Once there, they wanted to order some blood tests and do a series of shock tests. I got the blood tests done, and then went for the shock tests. When I finished the tests, they told me at check out that the bill for the shock tests (not including the blood tests) would be $1,600. I was floored. No one thought to warn me??!?!?! I had to open a care credit card (I loathe them) as I forgot to bring my bags and bags of money with me. As long as I paid it off in the year, I would have 0% interest. If I went 1 day over the term, all the interest (something like 20%) would be tacked on.
I just want to prevent being caught in a situation like that again. Even if I can’t prevent the cost, I’d rather know up front, so I can prepare as much as possible. I don’t know why the health care industry wouldn’t want me to be able to do that. Oh wait. I do. They don’t work for me. They work for their CEOs and investors.

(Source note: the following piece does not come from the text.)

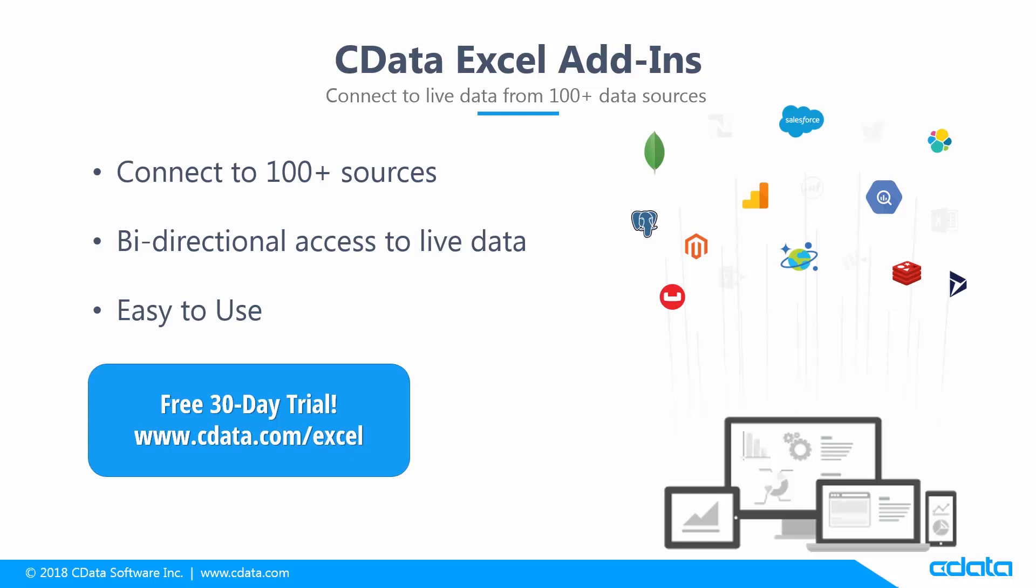As you've seen, the CData Excel add-ins offer straightforward live connectivity to data in Excel. With more than 100 sources supported, you can work with all of your SaaS, Big Data, and NoSQL data in Excel, no matter where it is. Download a free 30-day trial from cdata.com/excel and see the CData difference for yourself.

It’s often said that our health care industry is built to serve the providers. It benefits insurance providers, pharmaceutical companies, private hospitals, and certain areas of medical practice (some more than others). What we don’t explicitly say, is that they are actively working against the people. They make the process a boondoggle, so there is no transparency, and so that we can’t see the whole picture. They are working against our health and our quality of life. They are also working against our financial health.
Not for nothing, but this isn’t exactly a stress reliever.
I’ll post back when I get some answers.
I got a response from the email I found on that site, saying the tests would only cost $140, so I am good to go! Now, was that so hard?